Russia had long been an aria in search of a tragedy, and as Papa and I clambered out of the deep seats of the Delaunay-Belleville limousine and up the steps, I wondered if my father would be able to forestall the finale of the doomed opera. Or were we too late? I couldn’t tell, not by the tears rolling down the big round cheeks of Madame Vyrubova, who greeted us once again at the top of the steps. Forgetting the frost, today she simply stood there, wearing a gray dress and leaning heavily on crutches.

“Thank you for coming, Father Grigori,” she said, profusely kissing Papa’s hand. “The boy, he…he-”

“Yes, I know,” said Father, with a godly authority. “He’s still with us.”

“And-”

“This I know as well. Batushka,” the Dear Father, meaning the Tsar, “has returned home.”

“Not more than ten minutes ago.”

“Eto xhorosho.” Good.

How my father knew these things, I didn’t know, yet I knew he was right, for with each step an aura seemed to grow more clearly around him. Was it the cod? Had the endless amounts of fish he consumed made his soul so clear, his body so pure, that he had indeed become a heavenly vehicle? Or had he been purified by his session with the prostitute Anisia?

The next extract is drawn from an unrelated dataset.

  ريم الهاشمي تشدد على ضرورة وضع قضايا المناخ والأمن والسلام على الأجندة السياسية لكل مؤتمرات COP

When we reached the top of the steps, Madame Vyrubova glanced nervously at me and said to my father, “Father Grigori, I think it’s better if the child is returned home. You know how the Empress doesn’t-”

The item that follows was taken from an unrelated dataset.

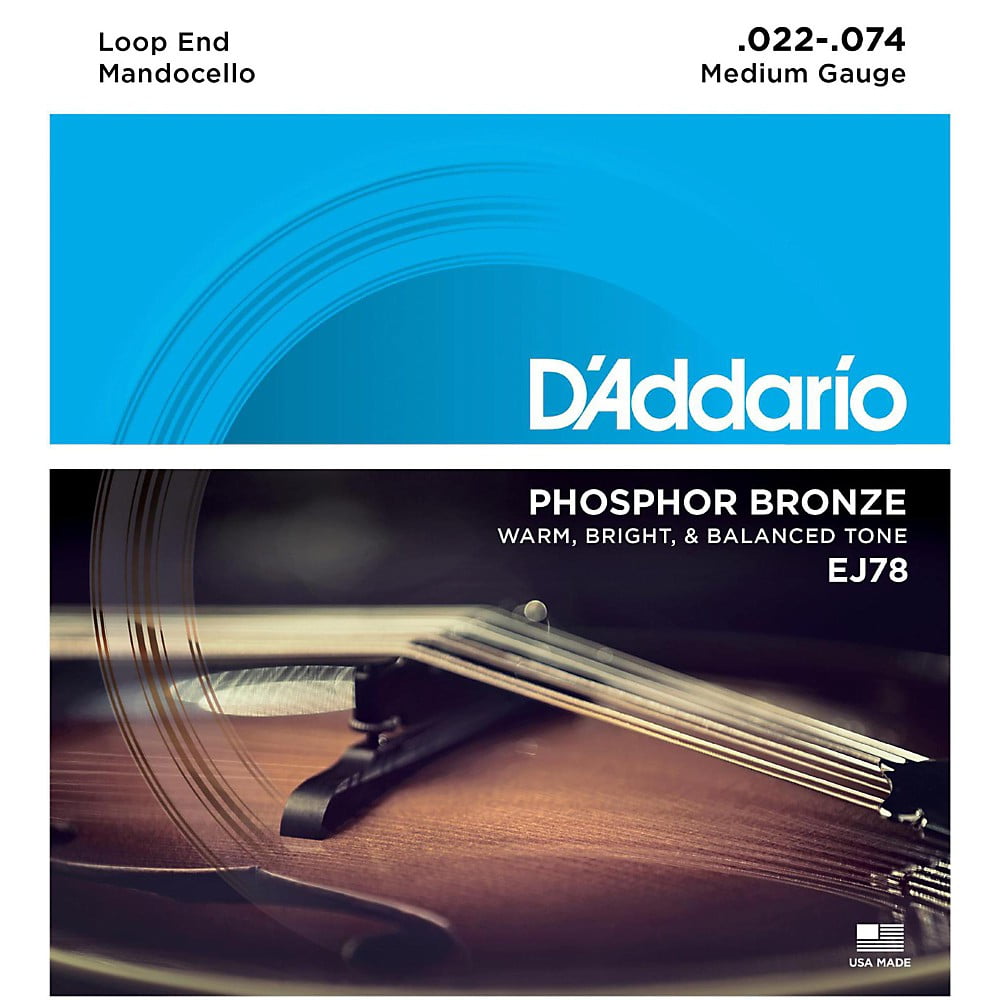 DAddario J78 Phosphor Bronze Mandocello Strings 22-74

“I’m still exhausted from the other night,” said Papa firmly. This afternoon and evening will be long and hard…my daughter stays. She will attend to me.”

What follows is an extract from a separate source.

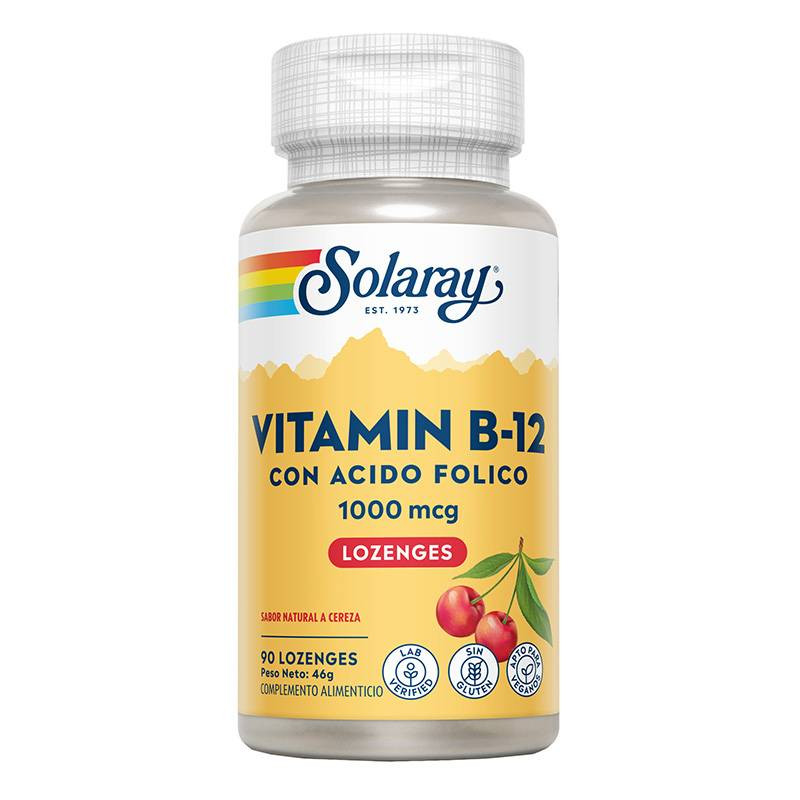 Vitamin B12 2000mcg 90comp - Solaray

“Of course, Father,” the most powerful courtier in the nation replied, submissively bowing her head. “It is as you wish.”

“It is as is needed.”

Minutes before we’d pulled up to the gates, Papa had clasped my hand and told me the details of the other night when we’d come so late and I had been turned away. Aleksei had come down with a chill and sneezed. Such, of course, was the nature of any cold, only the boy had started to bleed profusely from the nose. Compresses had been applied, to no avail. The doctors had been called in and the boy’s nose was cauterized, which hadn’t done anything but elicit screams of pain from Aleksei Nikolaevich, who was never given the likes of morphine. As always, the best and finest doctors of all Europe hadn’t been able to do a thing, so finally Papa had been summoned. And only many hours of Papa’s prayers beside the Heir’s bed had slowed and finally stopped the bleeding.

“I can see the boy’s suffering is worse than it was the other day,” Papa muttered, as we entered the palace. “I do not know what I can do for him, for of course it is up to the will of God, but I shall try my best.”

Once again we hurriedly followed Madame Vyrubova through the large doors, past the guards and the reception desk, and into the private apartments of the royal family. Rather than proceed down the long central hall with its roll of Oriental carpet, Madame Vyrubova, hobbling on her crutches and with her gray dress trailing on the floor, took us into the small wooden elevator on the left. In silence we rode up to the second floor, the children’s floor, where we were taken down a long empty corridor. I noted that the doors on the right were all shut tight, for these were the rooms of the Tsaritsa’s personal maids, who surely had been told not to set foot outside their chambers.

Coming to a double door on the left, we turned into the children’s playroom, where years earlier I had been brought to play with the Tsar’s third daughter, Maria Nikolaevna, who was my age. Now, upon entering the large room, we found not the tepee, the tom-toms, the toy dog on wheels, or even Aleksei’s clockwork train, of which he was so proud, but rather a busy cluster of men gossiping sternly among themselves. There was also a man, his back to us, who was sobbing quietly but furiously as he leaned against the tall green tile stove on the far wall. As I quickly trotted after Papa and Madame Vyrubova toward another door, we passed a group of men-a bevy of doctors and specialists-who glared at us and practically spit on Rasputin. But Papa didn’t notice, so I tried to ignore them too. All that mattered, all that my father was focusing on, was the shrieking from the next room.